FROM invoice_album ia;

 * sqlite:///chinook.db
Done.
Done.


[]

In [70]:
%%sql

SELECT purchase_category, 
number_of_invoices, 
number_of_invoices/(SELECT CAST(COUNT(*) AS FLOAT) FROM categorised_purchases)*100  pct_of_total_invoices
FROM (
SELECT purchase_category, COUNT(*) number_of_invoices
FROM categorised_purchases
GROUP BY purchase_category
)


 * sqlite:///chinook.db
Done.


purchase_category,number_of_invoices,pct_of_total_invoices
purchased_album,114,18.566775244299677
purchased_tracks,500,81.43322475570032


From our table above, we find that a large majority of purchases in the Chinook Store are purchases of individual tracks (81%), compared to the small minority of album purchases (19%).
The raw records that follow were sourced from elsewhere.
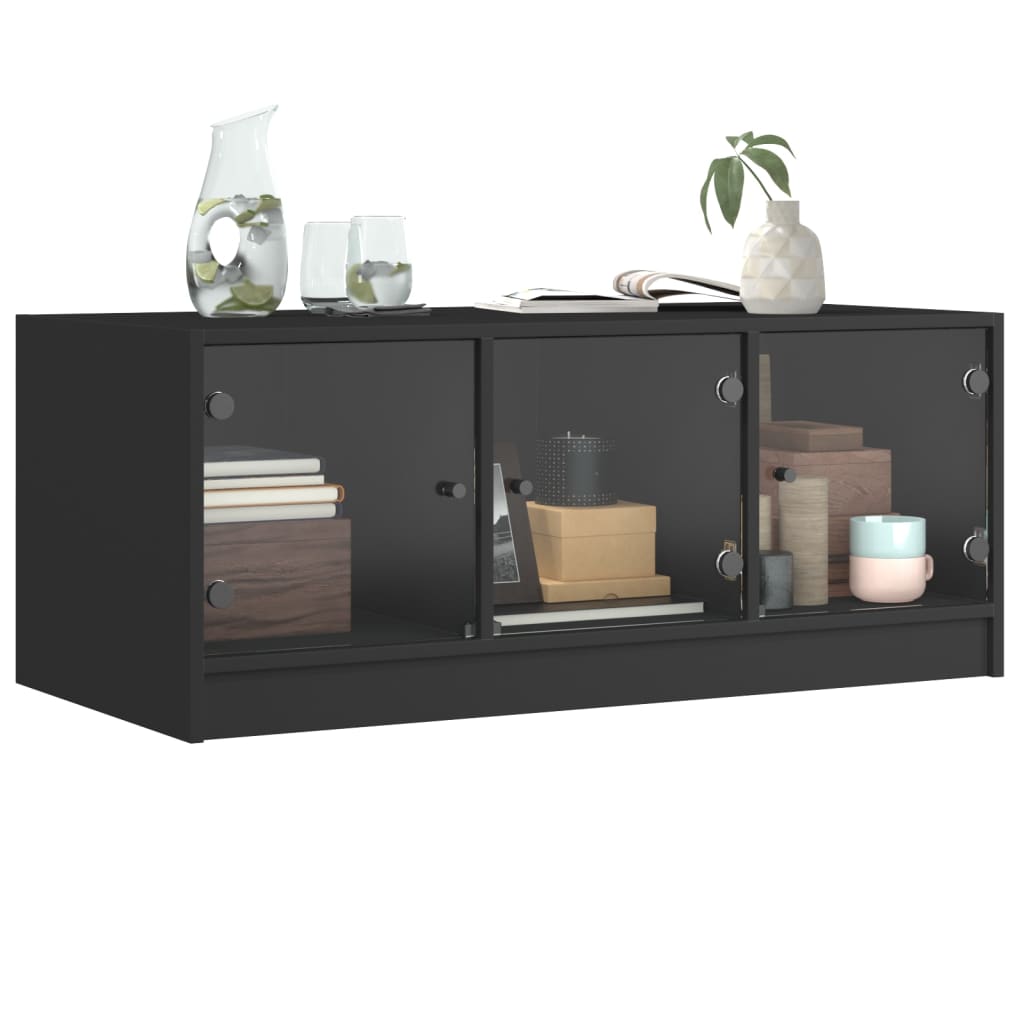 Salongbord Sofabord Svart med glassdører 102x50x42 cm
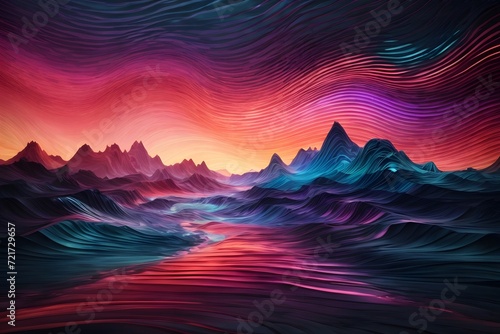 Vibrant Sunset Over Surreal Waves and Mountain Landscape Digital Art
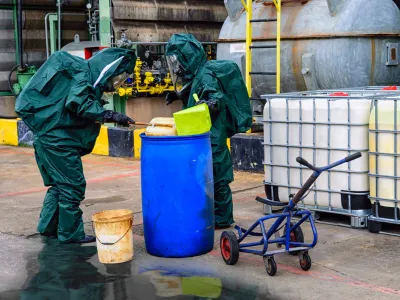 Image showing two individuals in PPE kits cleaning hazardous chemical gases commonly found in household, kitchen, and office waste. Accompanying text highlights potential health risks including eye, respiratory, and nervous system effects from exposure to these gases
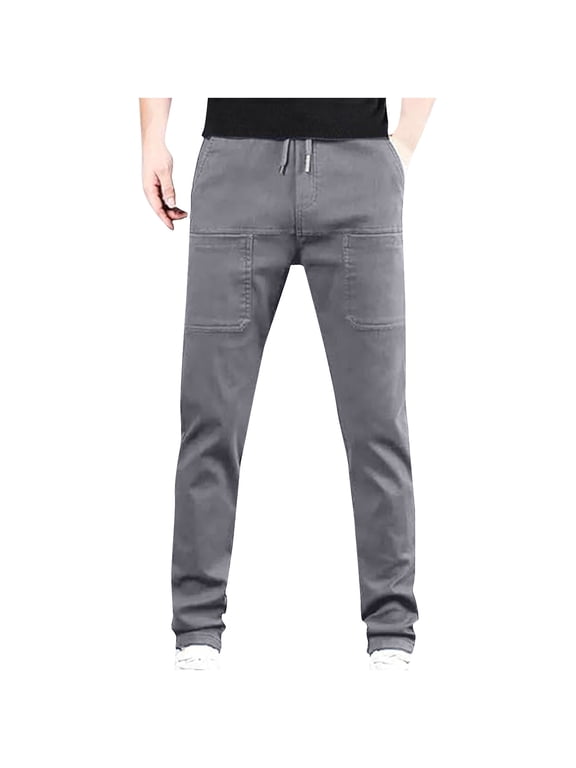 Mens Elastic Waist Solid Color Jeans Pants for Seniors Adaptive Mens Pants for Elderly with Zipper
As such, based on this alone, I recommend that we could look at changing our purchasing strategy to focus on purchasing only popular tracks from record companies. However, this could be discussed after further analysis on the amounts that full album purchases bring in vs individual track purchases.